Supplied information:
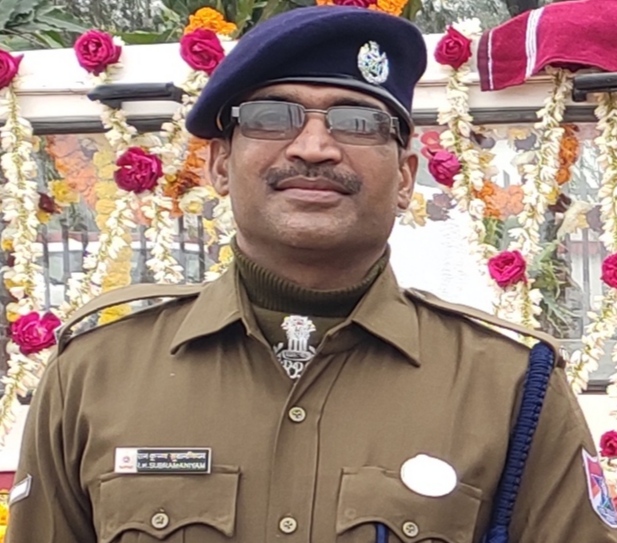डीजी इग्निशिया पुरस्कार से सम्मानित RPF पोस्ट सासाराम के पदाधिकारी आरके सुब्रमनियम।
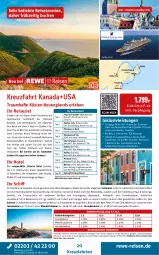 Gazetka promocyjna Rewe Reisen - Reiseprospekt - Gazetka - ważna od 27.06 do 27.06.2025 - strona 20 - produkty: angebot, arlo, auer, Bad, ball, bett, Betten, buch, cocktail, dusche, eis, Elan, elle, fenster, gin, inklusivleistungen, kaffee, kreuzfahrten, meerblickkabine, Mode, reis, reiseverlauf, rel, Ti, uhr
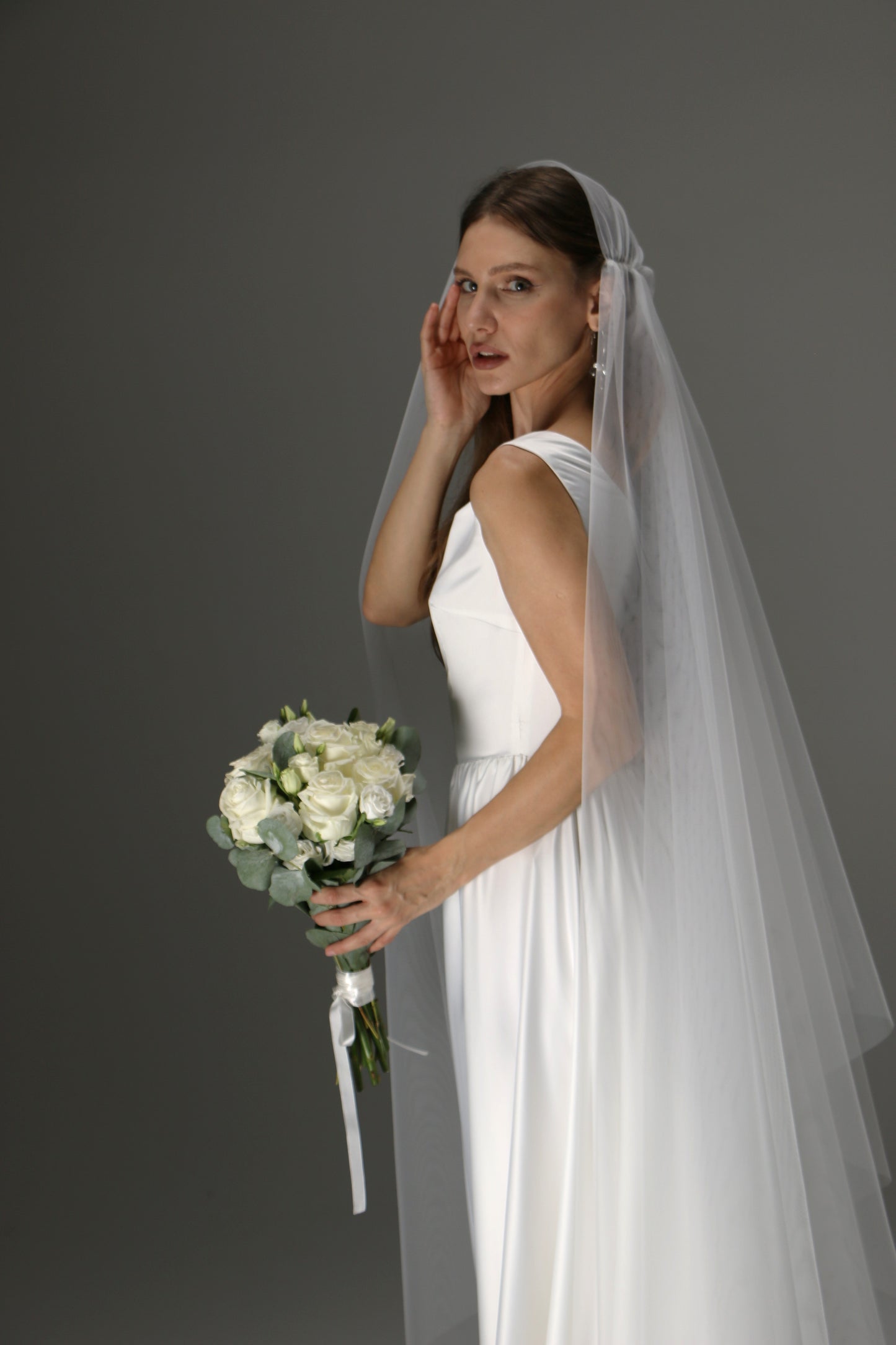 Romantic Two-Tier Juliet Cap Veil – Boho Wedding Veil - M1004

Exercise instructions: Starting at the line that contains "Gazetka promocyjna Rewe", restate each line verbatim through the final line of the listing, skipping all pictures.

Response:
 Gazetka promocyjna Rewe Reisen - Reiseprospekt - Gazetka - ważna od 27.06 do 27.06.2025 - strona 20 - produkty: angebot, arlo, auer, Bad, ball, bett, Betten, buch, cocktail, dusche, eis, Elan, elle, fenster, gin, inklusivleistungen, kaffee, kreuzfahrten, meerblickkabine, Mode, reis, reiseverlauf, rel, Ti, uhr
 Romantic Two-Tier Juliet Cap Veil – Boho Wedding Veil - M1004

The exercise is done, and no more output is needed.